Outre les quatre cadres de références géométriques, il existe quatre cadres de références environnementaux, qui sont basés sur les propriétés de l’environnement :

  1. Le cadre gravitationnel, déterminé par la direction de la gravitation, indépendamment de l’orientation de l’objet (figure 5).
  2. Le cadre géographique est la contre-partie horizontale du cadre gravitationnel. Il impose les axes de l’objet à partir des points cardinaux : le Nord, le Sud, l’Est et l’Ouest (figure 6).
  3. Le cadre contextuel est appliqué lorsque l’objet est vu en relation avec un autre objet qui impose ses propres axes sur lui (par exemple une figure dessinée sur une page, figure 7).
  4. Le cadre de l’observateur est projeté sur l’objet depuis l’observateur vrai ou hypothétique. A titre d’exemple, la partie frontale de l’objet est celle qui est face à face avec l’observateur (figure 8). Alternativement (comme c’est le cas en hausa, une langue africaine : cf. Vandeloise 1986) : « la partie frontale de l’objet est celle qui « regarde dans la même direction que l’observateur ».
Figure 5
Figure 5
Figure 6
Figure 6
Figure 7
Figure 7
Figure 8
Figure 8

Jackendoff souligne que les axes dans le cadre de l’orientation canonique sont dérivés des axes gravitationnels dans une orientation normale imaginée de l’objet. D’une façon similaire, les axes dans le cadre du contact canonique sont dérivés des positions hypothétiques de l’observateur dans le contact canonique. Il s’ensuit que seuls deux cadres (sur huit), à savoir le cadre géométrique et le cadre motionnel, sont absolument indépendants de l’influence, directe ou indirecte, de l’environnement (Jackendoff, 1996, 18).

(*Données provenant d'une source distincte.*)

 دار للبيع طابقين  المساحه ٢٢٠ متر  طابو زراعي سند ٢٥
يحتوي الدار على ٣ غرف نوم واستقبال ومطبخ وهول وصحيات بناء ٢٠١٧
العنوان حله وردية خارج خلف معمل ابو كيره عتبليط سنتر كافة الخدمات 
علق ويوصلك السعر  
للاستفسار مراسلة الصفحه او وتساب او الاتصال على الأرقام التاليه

Un autre phénomène lié aux cadres de référence a attiré beaucoup d’attention scientifique. Il s’agit de l’ambiguïté multiple qui existe dans le vocabulaire axial. Il se trouve que seul le cadre géographique (en anglais) a son propre vocabulaire non-ambigu. Par conséquent, on peut conclure que les termes grammaticaux ne sont pas sensibles aux différents cadres de référence. Que peut-on en déduire sur la relation entre la structure conceptuelle (SC) et la représentation spatiale (RS) ?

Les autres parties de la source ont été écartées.